Speed up TDD in Clojure with lein-reload

Personally, I am a big fan of the Test-driven Development (TDD) approach; iterative development by writing tests first and then implementing the required functionality is just so much fun and very efficient as well. As a very nice side effect you always maintain a working “product” and get your regression tests for free.

In this post I’ll write about how to significantly speed up TDD in Clojure with Leiningen and the lein-reload plug-in. There is a very well written introduction to Clojure and TDD written by Dave Ray. Note: while the guide by Dave Ray uses the Lazytest library written by Stuart Sierra for testing, I prefer to use the testing functionality as provided by clojure.test (which, by the way, is also written by Stuart Sierra plus et al.) as it is built into Clojure itself. Nonetheless, the guide by Dave Ray very nicely shows the ideas behind and approaches on TDD using Clojure.

Using Leiningen you can run all your tests via executing:

lein test

in the project directory.

While this technically works very well and there is actually nothing wrong with it there is the problem that this takes quite some time to run tests this way. Things wasting time are, e.g., the JVM being started or Leiningen firing up.

Within Leiningen there is the option to start an interactive shell in which you can execute Leiningen tasks:

lein interactive

In this shell you can for example simply type “test” to execute all unit tests the same way as if you would have typed “lein test” directly. Running tests repetitively in the interactive shell, you will notice that the first test run takes quite some time to execute while subsequent test runs execute much faster.

However, this alone is not suited for interactive TDD yet. The problem is that changes to your source files will not be picked up. To circumvent this issue there is the lein-reload plug-in by Sebastián B. Galkin: it keeps track of the modification dates of your source files and reloads those namespaces for which the source files have “changed” (actually, the modification date of the file changed).

The guide on the lein-reload homepage explains how to add this plug-in to a single project. Alternatively you can install it “globally” for a user by typing:

lein plugin install lein-reload "1.0.0"

To verify that the lein-reload plug-in works just go to one of your existing projects, enter the Leiningen interactive shell by executing “lein interactive”, type “reload”, change one of your source files (simply using touch from another shell: “touch src/foo/core.clj”, will work as well), and type “reload” in the interactive Leiningen shell again. You should now see a message that the namespace “foo.core” got reloaded.

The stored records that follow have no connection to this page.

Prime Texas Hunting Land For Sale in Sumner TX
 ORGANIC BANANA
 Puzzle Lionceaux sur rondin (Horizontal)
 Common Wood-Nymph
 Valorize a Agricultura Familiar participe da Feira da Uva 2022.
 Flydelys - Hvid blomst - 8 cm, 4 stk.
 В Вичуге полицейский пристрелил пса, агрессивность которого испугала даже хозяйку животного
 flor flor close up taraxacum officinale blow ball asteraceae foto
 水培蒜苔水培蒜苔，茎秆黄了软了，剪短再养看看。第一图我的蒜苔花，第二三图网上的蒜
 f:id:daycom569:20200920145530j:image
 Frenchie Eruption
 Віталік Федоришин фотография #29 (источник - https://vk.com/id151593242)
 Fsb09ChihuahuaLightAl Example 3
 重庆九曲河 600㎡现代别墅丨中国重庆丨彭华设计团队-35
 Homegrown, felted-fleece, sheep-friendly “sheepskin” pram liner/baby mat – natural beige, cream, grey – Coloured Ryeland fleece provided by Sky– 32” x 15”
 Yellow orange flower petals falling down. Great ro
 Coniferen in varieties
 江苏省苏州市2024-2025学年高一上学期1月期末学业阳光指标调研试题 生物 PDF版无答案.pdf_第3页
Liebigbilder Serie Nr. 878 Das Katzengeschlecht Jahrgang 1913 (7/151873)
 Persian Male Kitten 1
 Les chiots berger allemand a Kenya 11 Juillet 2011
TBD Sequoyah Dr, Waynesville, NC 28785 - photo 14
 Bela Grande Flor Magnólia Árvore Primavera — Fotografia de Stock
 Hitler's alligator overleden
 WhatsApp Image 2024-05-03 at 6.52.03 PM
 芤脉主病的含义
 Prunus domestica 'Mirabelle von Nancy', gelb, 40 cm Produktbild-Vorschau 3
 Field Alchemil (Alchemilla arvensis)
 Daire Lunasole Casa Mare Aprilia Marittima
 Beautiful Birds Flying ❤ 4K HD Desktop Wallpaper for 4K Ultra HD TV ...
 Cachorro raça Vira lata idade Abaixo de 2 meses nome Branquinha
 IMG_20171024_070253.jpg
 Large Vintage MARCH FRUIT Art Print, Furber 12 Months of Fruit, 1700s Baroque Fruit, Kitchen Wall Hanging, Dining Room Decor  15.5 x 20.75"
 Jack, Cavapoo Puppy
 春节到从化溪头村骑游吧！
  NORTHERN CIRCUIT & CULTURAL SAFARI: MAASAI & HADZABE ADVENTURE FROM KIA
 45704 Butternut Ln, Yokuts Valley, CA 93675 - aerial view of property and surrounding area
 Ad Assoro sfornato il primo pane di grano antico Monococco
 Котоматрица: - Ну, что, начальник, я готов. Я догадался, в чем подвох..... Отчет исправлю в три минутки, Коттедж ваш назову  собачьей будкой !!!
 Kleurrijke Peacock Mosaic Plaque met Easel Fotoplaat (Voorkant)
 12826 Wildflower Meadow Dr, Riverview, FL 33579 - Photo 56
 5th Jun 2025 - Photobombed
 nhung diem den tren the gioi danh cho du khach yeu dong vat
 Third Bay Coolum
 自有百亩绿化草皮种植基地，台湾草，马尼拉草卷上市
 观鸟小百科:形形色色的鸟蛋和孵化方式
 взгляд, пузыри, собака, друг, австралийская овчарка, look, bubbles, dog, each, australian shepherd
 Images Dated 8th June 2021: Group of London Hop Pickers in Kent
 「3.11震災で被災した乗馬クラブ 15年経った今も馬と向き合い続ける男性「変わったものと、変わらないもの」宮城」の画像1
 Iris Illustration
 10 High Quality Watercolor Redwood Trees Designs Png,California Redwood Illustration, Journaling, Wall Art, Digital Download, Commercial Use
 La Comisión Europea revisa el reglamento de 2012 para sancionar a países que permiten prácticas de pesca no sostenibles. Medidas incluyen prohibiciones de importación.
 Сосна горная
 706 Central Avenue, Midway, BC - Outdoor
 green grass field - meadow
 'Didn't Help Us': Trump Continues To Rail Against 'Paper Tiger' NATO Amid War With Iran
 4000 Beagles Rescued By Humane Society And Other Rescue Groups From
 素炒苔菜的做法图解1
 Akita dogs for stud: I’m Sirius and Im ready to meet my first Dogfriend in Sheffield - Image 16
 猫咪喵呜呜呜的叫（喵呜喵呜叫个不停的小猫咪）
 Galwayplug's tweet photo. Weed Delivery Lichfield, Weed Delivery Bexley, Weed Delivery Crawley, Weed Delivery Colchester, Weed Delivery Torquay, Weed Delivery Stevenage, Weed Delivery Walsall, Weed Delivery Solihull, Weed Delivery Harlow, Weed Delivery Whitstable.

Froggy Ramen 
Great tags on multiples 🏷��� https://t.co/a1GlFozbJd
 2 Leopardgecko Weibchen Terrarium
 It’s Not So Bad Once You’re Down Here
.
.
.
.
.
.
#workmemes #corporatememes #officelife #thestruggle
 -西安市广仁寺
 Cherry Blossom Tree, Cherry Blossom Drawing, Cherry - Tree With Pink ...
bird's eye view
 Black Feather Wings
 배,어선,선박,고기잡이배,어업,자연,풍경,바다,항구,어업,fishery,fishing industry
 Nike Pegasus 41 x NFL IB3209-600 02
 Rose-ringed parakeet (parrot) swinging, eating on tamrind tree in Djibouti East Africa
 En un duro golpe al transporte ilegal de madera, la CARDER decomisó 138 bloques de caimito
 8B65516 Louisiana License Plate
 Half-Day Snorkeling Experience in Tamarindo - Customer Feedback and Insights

The guide on the lein-reload homepage further shows how to add a hook to your project such that “reload” is always called when, e.g., “test” is run. However, this needs to be done for each project.

To add this hook globally for all projects I (for now) use a “hack-ish” solution. I simply added the following code to my “~/.lein/init.clj”:

(use 'leiningen.hooks.reload-on-test)

With this in place all my projects automatically make use of the “redefined” test task that first reloads all changed namespaces prior to running the tests. Note that I am currently using Leiningen 1.7.0.

From what I understand from the Leiningen website the above hack should not be necessary when using Leiningen 2.0.0 or above as there you can add to the built-in profiles via the “~/.lein/profiles.clj” file. Please correct me if I am mistaken.